▶ [Instructions to follow]:
Using the material below, print a verbatim copy of every line from the one containing "Nike Felpa Nba" through the one containing "Teardrop Rack Plating", inclusive, and omit the pictures.
Material to process section start
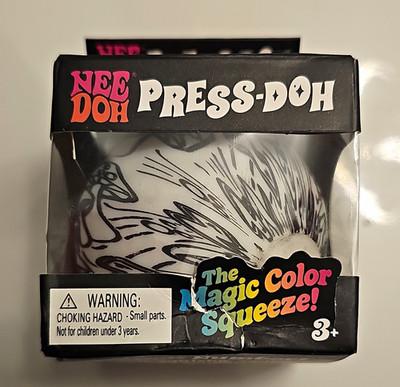 Nee Doh Press-Doh Color-Changing Squeeze Ball Stress Toy, Black/White
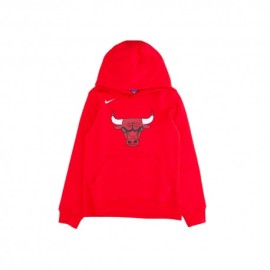 Nike Felpa Nba Flc Essent Bulls Rosso Bianco Bambino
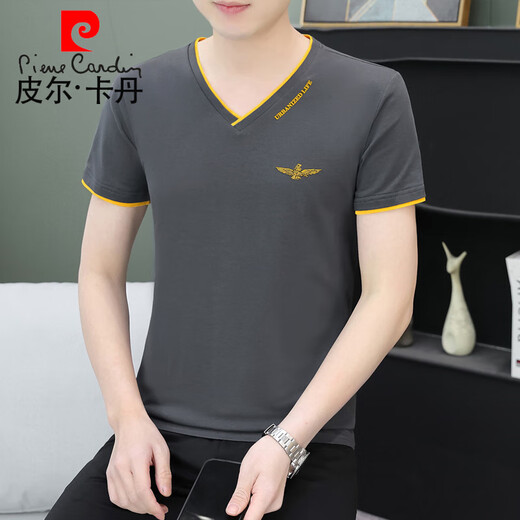 皮尔卡丹（pierre cardin）夏季男士短袖t恤纯棉v字领潮流修身半截袖青年休闲上衣服薄款汗衫 黑色 QY693 M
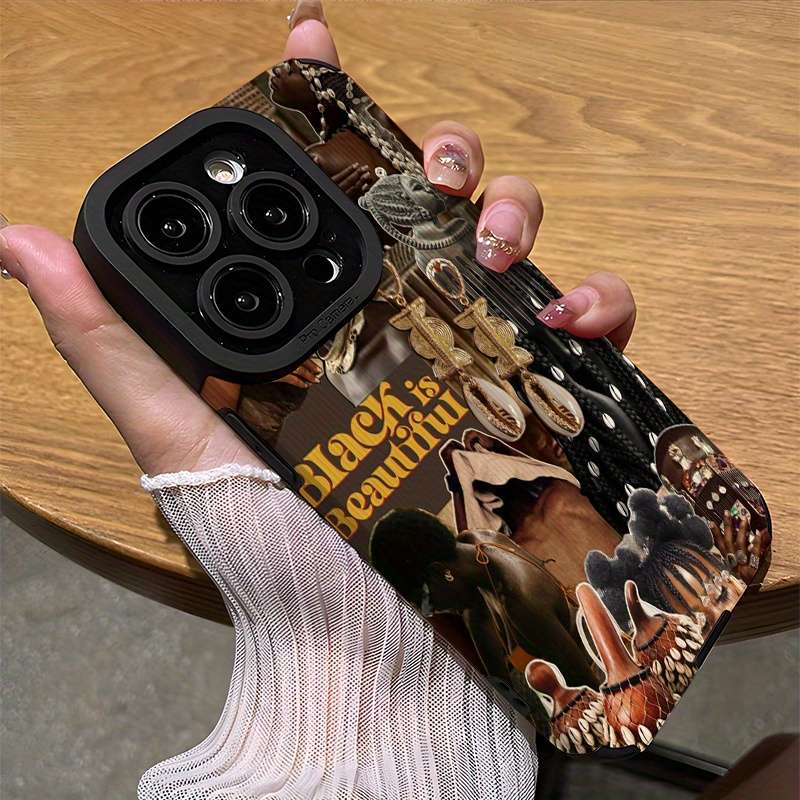 1Pc Mixed Color For iPhone 14 African Art and Jewelry Phone Case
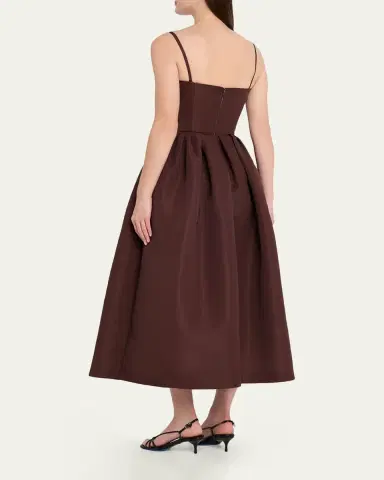 Oscar de la Renta Chine Cyclamen Faille Midi Cocktail Dress | Thumbnail 3 Oscar de la Renta Chine Cyclamen Faille Midi Cocktail Dress | Thumbnail 3
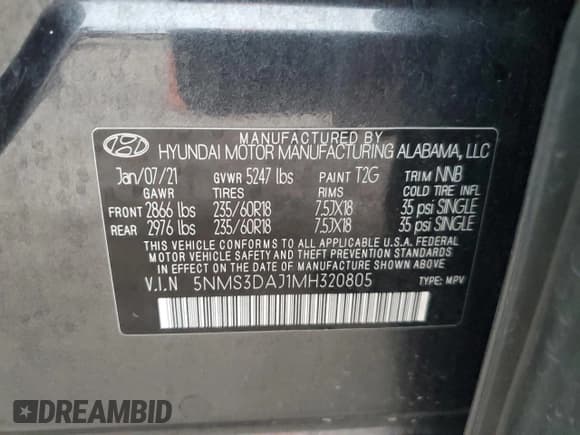 ✅ 2021 Hyundai Santa Fe SEL • VIN: 5NMS3DAJ1MH320805 • Lot: 46473934. Wystawiony na Copart z przebiegiem 52 080 mil. Bezpłatny archiwum sprzedaży aukcyjnych z USA i szczegółowy raport historii pojazdu na DreamBid. Zdjęcie 12.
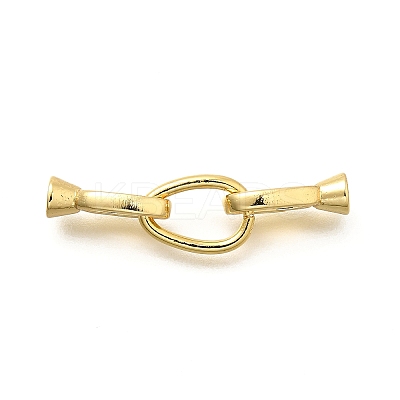 Teardrop Rack Plating Brass Fold Over Clasps KK-S508-18G-1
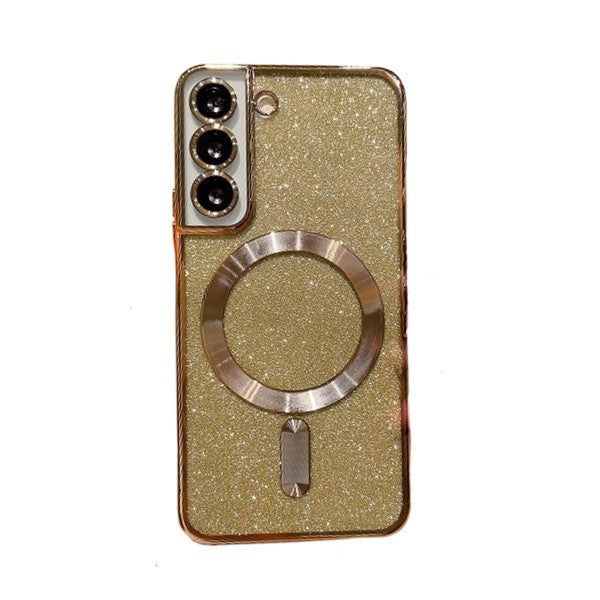 Husa de Protectie 2 in 1, Vivimall, Husa pentru Samsung Galaxy S24, Glitter Chrome Magsafe, din TPU, Magnetica, cu Protectie Lentila, Auriu - vivimall.ro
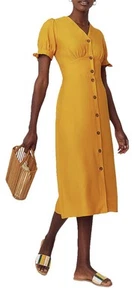 Oasis Ladies Midi Button Through Dress Yellow V-Neck Linen Blend Short Sleeve UK - Picture 1 of 5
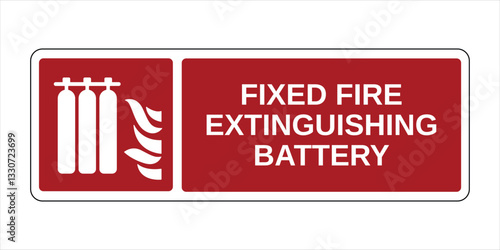 Fixed Fire Extinguishing Battery Sign, Fire Protection Equipment Sign with Horizontal Explanation - High Quality Vector Stock Image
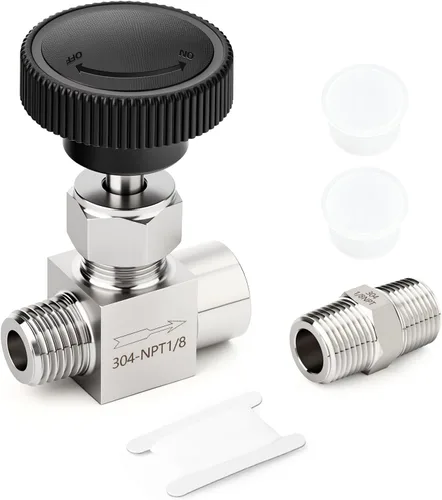 Vista 44 de TAISHER Válvula de aguja de acero inoxidable 316 con mango de rueda 1/2 "NPT macho x 1/2" NPT hembra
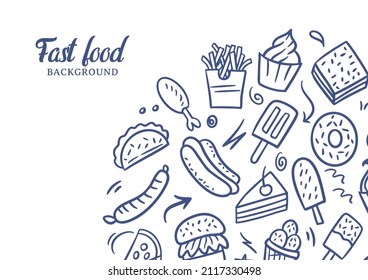 Fast food doodles vector background. Street food background. Snack collection. Junk food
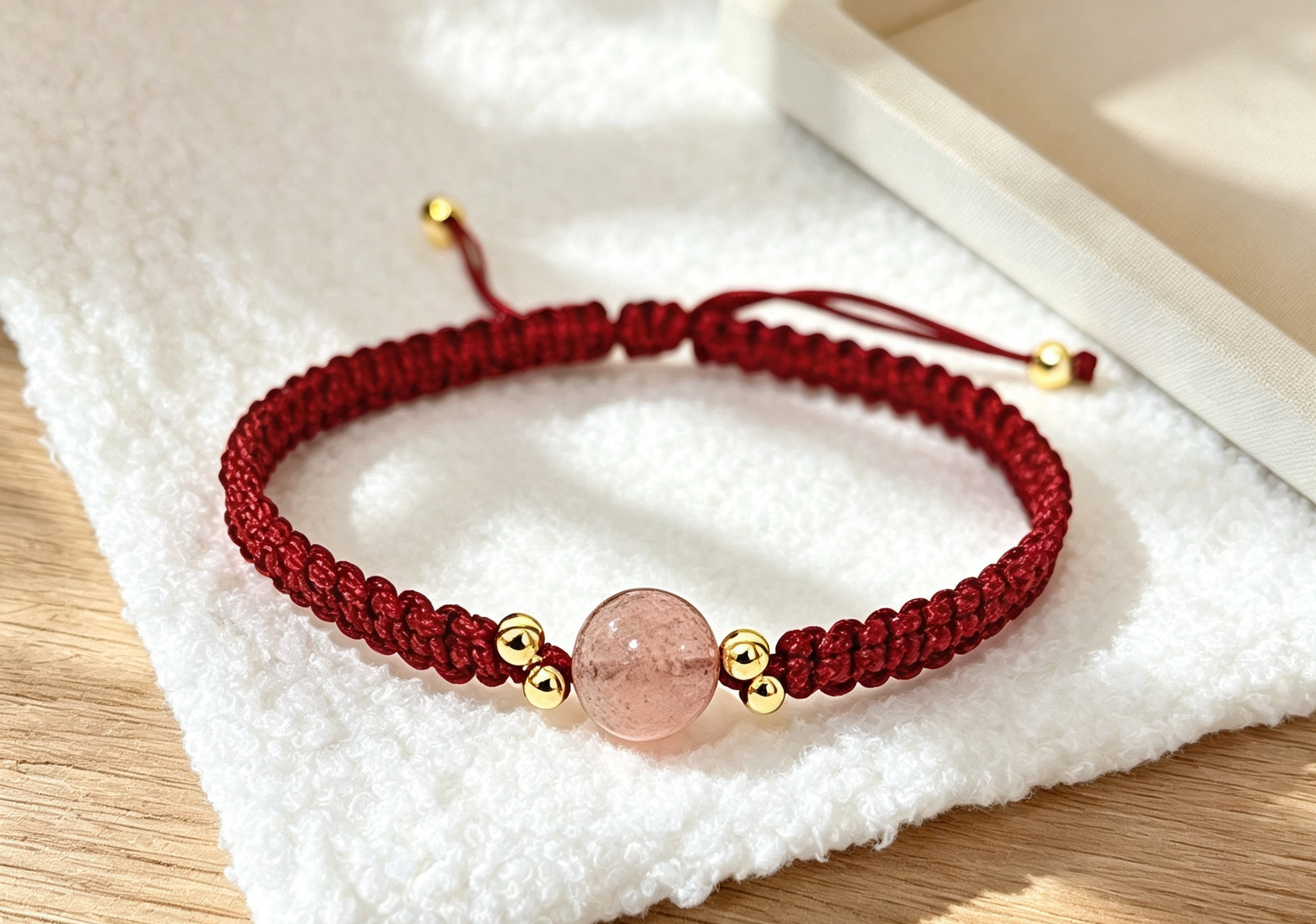 GOOD12 - PREMIUM Good'ness Hand Braided Natural Madagascar Rose Quartz Beaded Adjustable Bracelet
Material to process section end
▶ [Result]:
 Nike Felpa Nba Flc Essent Bulls Rosso Bianco Bambino
 皮尔卡丹（pierre cardin）夏季男士短袖t恤纯棉v字领潮流修身半截袖青年休闲上衣服薄款汗衫 黑色 QY693 M
 1Pc Mixed Color For iPhone 14 African Art and Jewelry Phone Case
 Oscar de la Renta Chine Cyclamen Faille Midi Cocktail Dress | Thumbnail 3 Oscar de la Renta Chine Cyclamen Faille Midi Cocktail Dress | Thumbnail 3
 ✅ 2021 Hyundai Santa Fe SEL • VIN: 5NMS3DAJ1MH320805 • Lot: 46473934. Wystawiony na Copart z przebiegiem 52 080 mil. Bezpłatny archiwum sprzedaży aukcyjnych z USA i szczegółowy raport historii pojazdu na DreamBid. Zdjęcie 12.
 Teardrop Rack Plating Brass Fold Over Clasps KK-S508-18G-1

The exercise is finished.